One could venture to say, like the song writer some years ago, “I AM WOMAN HEAR ME ROAR”, and speculate whether they could accomplish her persona and fit into her mold. My sisters in Christ I venture to say we can, but only by the grace bestowed on us by our Father. When we enter into a genuine relationship with Him, we are branded as His called and glorious inheritance (Ephesians 1:18).

However, there is a price to be paid and it happens in the crucible of combat. If you’ve ever wondered why the trials seem so severe, or why the enemy is always on your tail? The answer lies in your becoming the priceless ruby God intends. One jewel expert said “One of the most remarkable things about the formation of rubies is that geologists are not sure how it happens. Without question, however, the very existence of rubies is something of a minor geological miracle”. Experts also said “Rubies are a red variety of transparent corundum” and corundum is a rare find. As daughters of the King, we too are rare finds and must carry ourselves as such. We are continuously fashioned on the Potter’s wheel, which at times can be a painful process. To Be Continued…
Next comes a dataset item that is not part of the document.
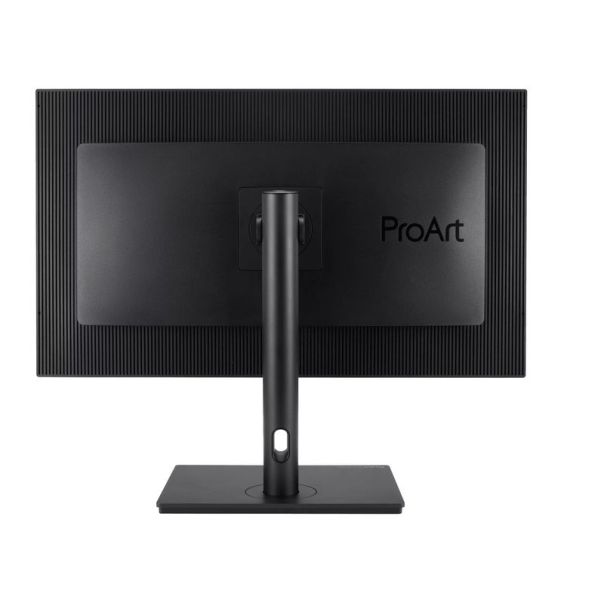 ASUS Monitor Proart PA328QV 31.5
Priceless Daughters of the King: Part 2

To continue our acknowledgment of who the priceless daughter is, we go center stage with the narrative of one of the King’s priceless gems. As we venture into her life, we are greeted by a happy wife. Her name means attractive, pleasant, and beautiful. When famine came upon the land her husband made the decision to move to Moab. Though this seemed like the perfect place to settle, it was also the place where Naomi suffered significant losses on her journey to becoming priceless, eventually changing her name to Mara (bitter). She suffered the loss of her husband and two sons who were her most prized possessions. These major losses, though they seemed like stumbling blocks, would render her the vessel God would use to win her daughter-in-law Ruth to His kingdom. Ruth’s son would inevitably become part of the lineage of the Messiah Himself. From the beginning, she was a priceless ruby in the making. (Ruth 1-4)
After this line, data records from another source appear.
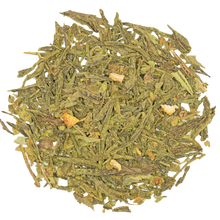 Laden Sie das Bild in den Galerie-Viewer, Cold Brew Matcha Waldmeister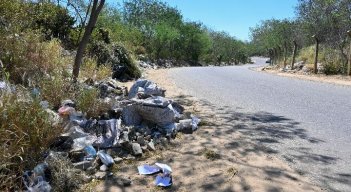 Secretaría de Gobierno de Los Patios comenzará con campañas de sensibilización y prevención.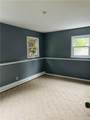 55 Montebello Road - Photo 25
The question is presented to you today: How are you being made in the crucible of events God is utilizing to present you priceless to those watching your journey? Have you suffered major losses? Has illness tried to strip you of your pleasure? Do you feel alone and afraid? Do the negative circumstances seem to outweigh the positive ones? Does your weeping seem to be enduring for more than a night? Do you feel that God has forgotten you? Do the stumbling blocks of life seem overbearing? Do your past wrongs seem like they are dictating your future? Does the price of becoming priceless seem too high to pay? If any or even all these questions have infiltrated your journey, I encourage you today “DON’T QUIT”. No matter how difficult it may seem, you are in the process of becoming a priceless gem in the hands of the Master.
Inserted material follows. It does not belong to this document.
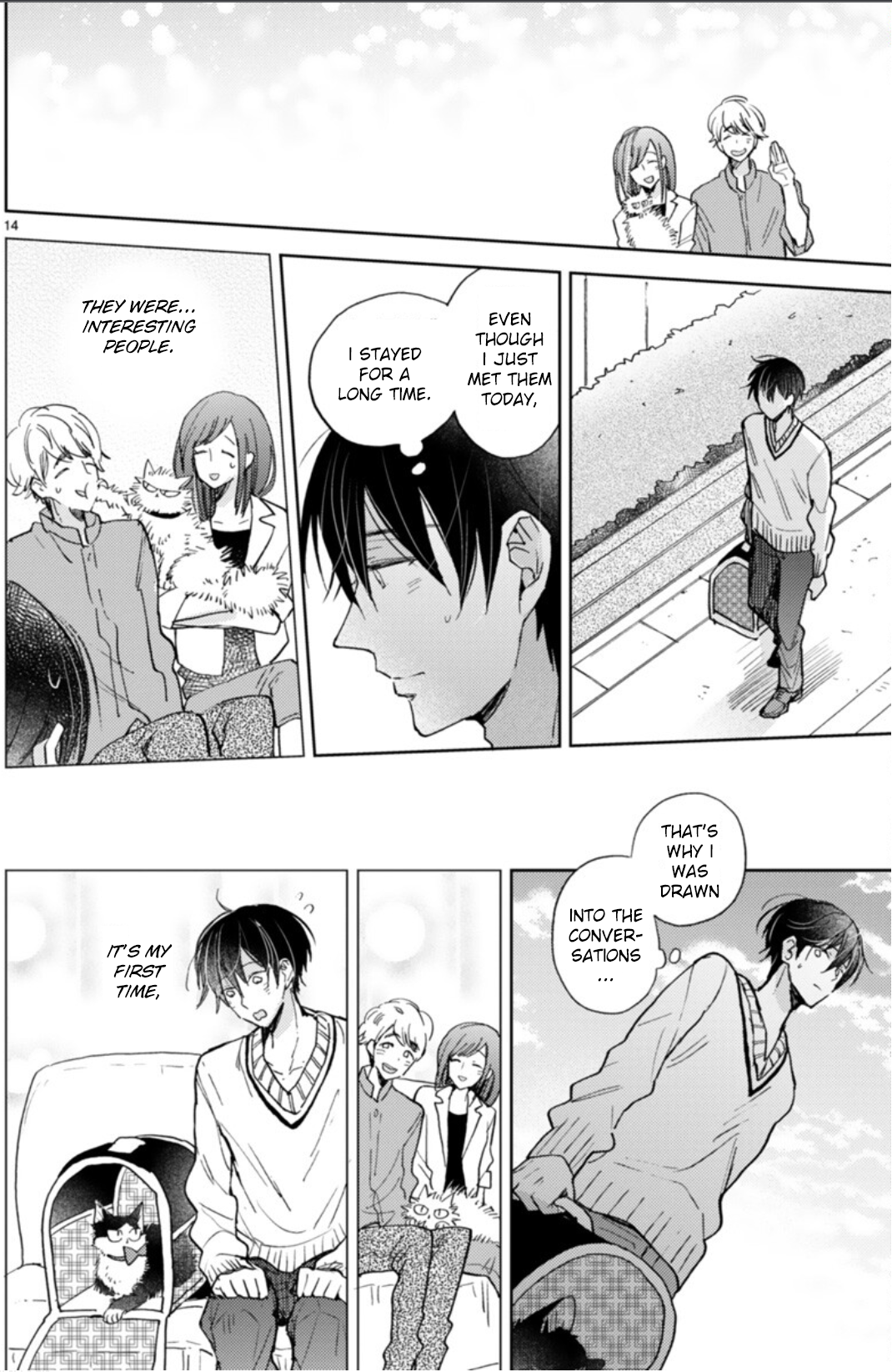 Page 19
The priceless woman is not priceless because she has acquired power for herself or because she is capable. She is priceless because she has learned, in the fire of being made, how to serve the Lord with all her heart. She has embraced her suffering with strength and dignity. She recognizes she is transparent corundum, a rare find, a woman destined for success and victory. She will say with the psalmist:

 “You made all the delicate, inner parts of my body and knitted me together in my mother’s womb. Thank you for making me so wonderfully complex! Your workmanship is marvelous—how well I know it. You watched me as I was being formed in utter seclusion, as I was woven together in the dark of the womb. You saw me before I was born. Every day of my life was recorded in your book. Every moment was laid out before a single day had passed. How precious are your thoughts about me, O God? They cannot be numbered”! (Psalm 139:13-17)

The clothing depicted in Proverbs 31 equips us to be priceless daughters of the King. We must unite in our pilgrimage to become virtuous women, invaluable rubies who cannot be fathomed and whose depth cannot be measured.